Bowie feiert seinen 50. Geburtstag im Madison Square Garden, NYC

Schockschwerenot: Legt man obige prominente Beispiele zugrunde, scheint es, als ständen mit 50 alle Zeichen auf Krise und Ausgebranntheit, nur notdürftig kaschiert durch Rückbesinnungsmanöver, Verwaltung des Erreichten oder Annahme von Preisen. Lou Reed war 1992, als er sein sechstes Lebensjahrzehnt eröffnete, mit einem bösen Fall von Frisur geschlagen wie McCartney, veröffentlichte aber mit „Magic & Loss“ immerhin ein solides Album, auf dem er klang wie immer. Ganz anders David Bowie, der seine Fünfziger mit der Veröffentlichung der nicht unbedingt gut gealterten Platte „Earthling“ eröffnete. Haare waren auch hier ein Thema. Neil Young zeigte sich gegenüber Neuerungen auf dem Frisurenmarkt angenehm unaufgeschlossen, suchte im Jahr seiner Fünfzigwerdung aber ebenfalls den Austausch mit Jüngeren – und geriet dabei an Pearl Jam. Prince wiederum veröffentlichte 2008 ein Coffeetable-Buch mit beiliegender CD; er hatte es mal wieder mit der Musikindustrie. So richtig Hoffnung macht das alles jetzt nicht.
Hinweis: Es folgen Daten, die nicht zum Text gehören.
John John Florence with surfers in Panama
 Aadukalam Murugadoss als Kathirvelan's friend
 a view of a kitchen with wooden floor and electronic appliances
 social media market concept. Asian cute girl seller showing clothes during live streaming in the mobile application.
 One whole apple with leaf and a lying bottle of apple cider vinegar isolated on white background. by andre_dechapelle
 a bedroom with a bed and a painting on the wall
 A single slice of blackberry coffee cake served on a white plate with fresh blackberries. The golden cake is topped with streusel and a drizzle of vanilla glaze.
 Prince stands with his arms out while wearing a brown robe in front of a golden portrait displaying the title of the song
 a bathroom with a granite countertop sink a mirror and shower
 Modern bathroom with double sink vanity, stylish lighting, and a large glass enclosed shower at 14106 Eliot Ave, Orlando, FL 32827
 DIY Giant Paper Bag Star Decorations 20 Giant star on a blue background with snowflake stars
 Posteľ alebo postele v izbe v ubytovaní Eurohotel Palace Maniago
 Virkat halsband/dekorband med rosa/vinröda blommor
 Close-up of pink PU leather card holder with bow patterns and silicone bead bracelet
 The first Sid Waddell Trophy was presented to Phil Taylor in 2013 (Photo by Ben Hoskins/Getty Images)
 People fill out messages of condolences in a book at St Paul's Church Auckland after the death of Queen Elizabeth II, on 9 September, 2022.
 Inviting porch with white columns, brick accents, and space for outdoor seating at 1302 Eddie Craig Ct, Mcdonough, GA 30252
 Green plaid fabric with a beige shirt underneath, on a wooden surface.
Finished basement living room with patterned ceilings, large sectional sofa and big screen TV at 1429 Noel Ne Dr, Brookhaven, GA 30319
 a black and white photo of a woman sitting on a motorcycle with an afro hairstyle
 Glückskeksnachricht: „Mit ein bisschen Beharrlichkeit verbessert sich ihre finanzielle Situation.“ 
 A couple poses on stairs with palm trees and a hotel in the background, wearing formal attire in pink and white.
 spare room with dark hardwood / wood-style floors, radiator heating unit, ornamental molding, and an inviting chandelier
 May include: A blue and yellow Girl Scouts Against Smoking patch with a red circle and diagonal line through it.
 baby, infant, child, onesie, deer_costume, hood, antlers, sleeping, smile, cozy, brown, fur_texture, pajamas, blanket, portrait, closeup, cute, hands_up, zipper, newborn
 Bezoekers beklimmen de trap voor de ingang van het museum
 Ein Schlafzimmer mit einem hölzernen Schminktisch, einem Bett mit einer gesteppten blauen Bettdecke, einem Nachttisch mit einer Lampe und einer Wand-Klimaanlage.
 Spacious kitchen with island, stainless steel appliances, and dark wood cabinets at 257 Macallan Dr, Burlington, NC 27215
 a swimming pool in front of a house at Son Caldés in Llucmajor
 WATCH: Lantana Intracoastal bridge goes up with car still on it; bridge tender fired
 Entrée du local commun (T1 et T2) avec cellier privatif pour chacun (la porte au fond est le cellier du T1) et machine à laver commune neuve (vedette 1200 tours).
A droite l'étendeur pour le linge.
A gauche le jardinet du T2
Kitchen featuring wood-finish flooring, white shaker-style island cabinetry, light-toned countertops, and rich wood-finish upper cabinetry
Die findet man eher bei weiblichen Popstars. Ein ausgesprochen umtriebiges Geburtstags­jahr verbrachte 2008 Madonna. Als Regisseurin veröffentlichte sie gleich zwei Filme, brachte das Album „Hard Candy“ heraus und ging auf „Sticky & Sweet“-Tour – die erfolgreichste Welttournee, die bis heute von einer Pop-Sängerin unternommen wurde. Eine denkbar gute Art, das Jahr des 50. Geburtstags zu verbringen, wie mir scheint. Auch wenig krisengebeutelt zeigte sich Björk: Sie brachte gleich zu Beginn ihres Jubeljahres das Album „Vulni­cura“ heraus, an dem sich – grundsätzliche Björk-Zugeneigtheit vorausgesetzt – nichts aussetzen lässt. Erst 2019 feierte PJ Harvey ihren 50. Geburtstag, wir sind also in etwa gleich alt. Die Künstlerin aus Somerset nutzte das Jahr ihrer Fünfzigwerdung, um Neuland zu betreten, und veröffentlichte den sehr guten Soundtrack zu dem Film „All About Eve“. Im Hinblick auf ihre Frisuren ist allen drei Frauen übrigens nicht das Geringste vorzuwerfen.

PJ Harvey

Meine zugegebenermaßen halbwegs zufälligen Ermittlungen in Sachen „Popstars mit 50“ lassen folgende Schlussfolgerungen zu: Frauen werden kreativer und inter­essanter 50. Bei Männern hingegen besteht die Gefahr der Trägheit, wenn nicht gar die Gefahr von Pearl Jam. Das Kramen in der Folk-und-Blues-Kiste kann zum Auffinden eines Wanderplans durch die hügelige Landschaft der späten Jahre führen, zumindest wenn man Bob Dylan heißt. Alle anderen sind gut beraten, eine E Street Band zur Hand zu haben, die man notfalls wiedervereinigen kann. Coffee­table-Bücher mit beigelegten CDs waren schon 2008 nicht die Zukunft. Preise annehmen ist okay, bringt aber wenig. Und vor allem sollte man mit 50 auf seine Frisur aufpassen.